■ Problem description
Reproduce, unchanged, the lines between the one holding "22. That sweet happy face" and the last line of the records, including both ends, but no pictures.

■ Exercise material

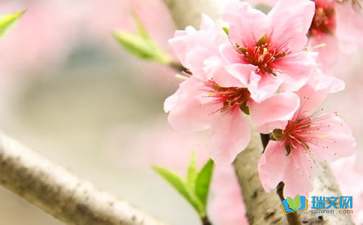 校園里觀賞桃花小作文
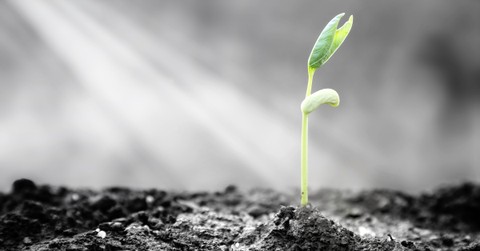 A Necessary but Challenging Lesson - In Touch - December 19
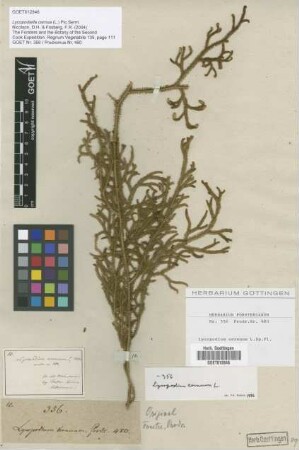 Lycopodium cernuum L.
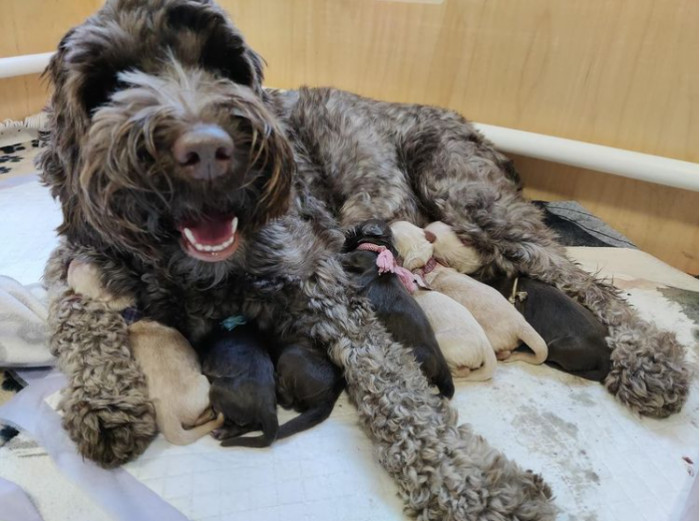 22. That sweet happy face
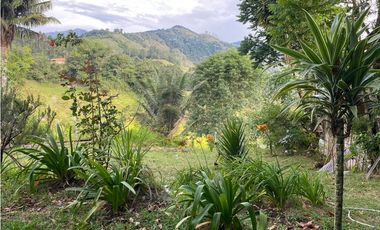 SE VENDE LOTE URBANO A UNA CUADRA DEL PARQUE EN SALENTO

■ Answer below
 22. That sweet happy face
 SE VENDE LOTE URBANO A UNA CUADRA DEL PARQUE EN SALENTO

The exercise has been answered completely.